Story ruined. Afternoon turned into the same old, same old.
It wasn’t a total loss as it turned out. Steve German, who apparently is still employed by Victory, appeared not long after and bought us both a beer (another Braumeister for me) and Richard told me lots of things about Earth, Bread & Brewery that I did not know.
But still…
I spent a lot of time on the telephone with brewers from around the country last week, talking about several topics for stories to be written as fast as I could turn them out and just for my own research purposes, and one of the more interesting interviews was with Jeff Winn who, with partner Chris Swedin, began selling beer from the new Yakima Craft Brewing Company in early June.
The coolness factor is three-fold. For one thing, they’ve returned brewing to a town which absolutely needs must have a brewery in the Grand Scheme of Things (heart of the Yakima Valley, center of US hops-growing, the town where Bert Grant founded the first modern day American brewpub, all that good stuff).

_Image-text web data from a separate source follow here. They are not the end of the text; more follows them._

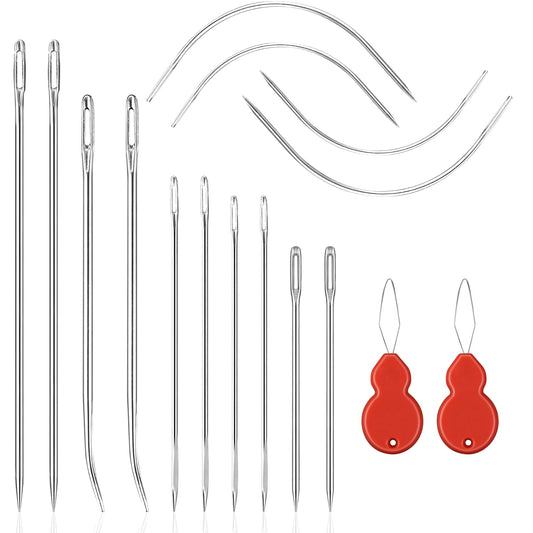 Molain Hand Sewing Needles Set, Heavy-duty Curved Sewing Needle with Needle Threaders Sewing Tool for Bracelet Jewelry Crafts Carpet Canvas Repair (14Pcs)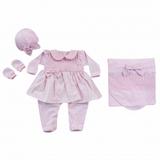 Saida Maternidade Manga Longa 4 Peças Malha e Tricoline Malha e Tricoline Floral e Renda Rosa - Tieloy baby
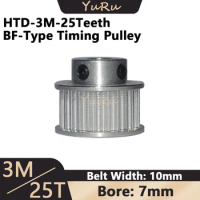 HTD3M 25T Timing Pulley 25teeth 3M BF Belt Width 10mm Bore 7mm 25T 3M wheel 25 Teeth Pitch 3mm Timing Belt Pulley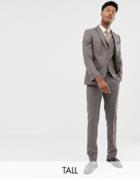 Harry Brown Tall Brown Micro-check Slim Fit Suit Pants - Brown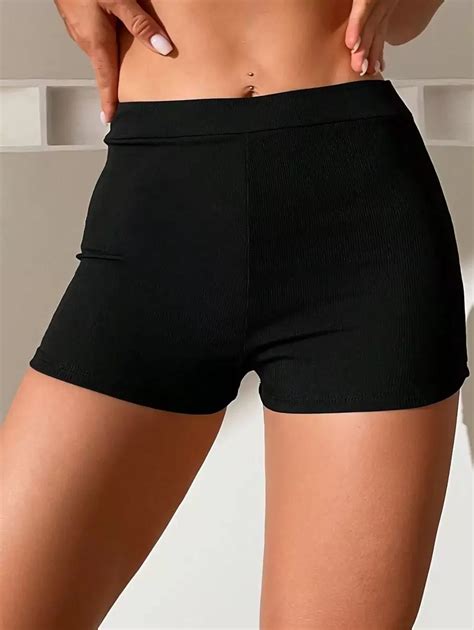 Swim Basics Summer Beach Solid Ribbed Knit Bikini Bottom Shein Usa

Second, they are working with a 3.5bbl brewhouse and are a production brewery, not a brewpub. That’s gotta earn them the title of the smallest production brewery in the nation (probably the world), I’d think.
But coolest of all: that 3.5bbl brewhouse is Bert Grant’s original one from 1982. Winn and Swedin also are using an all-copper kettle that Grant had made especially for him, the old dairy tanks and other original equipment.
Says Winn, a seven-year homebrewer from Portland who was looking to move on from his 20-year career in the high-tech industry last year:
“My wife’s family lives in Yakima and when I realized there was no brewery here, I thought what most people would think, ‘how can a place like Yakima be without a brewery?’ So we just went went with the idea, moved up here. I hooked up with Chris, who had brewed for Bert back in the golden years, because he wanted to brew again. He was instrumental in our getting the old equipment at auction.”
During the week, I also talked with a Mayor-Brewer not name John Hickenlooper and another brewer in Texas who was called before City Council to pop a beer from an East Coast brewery and tell them all about it.
But those are stories for another day.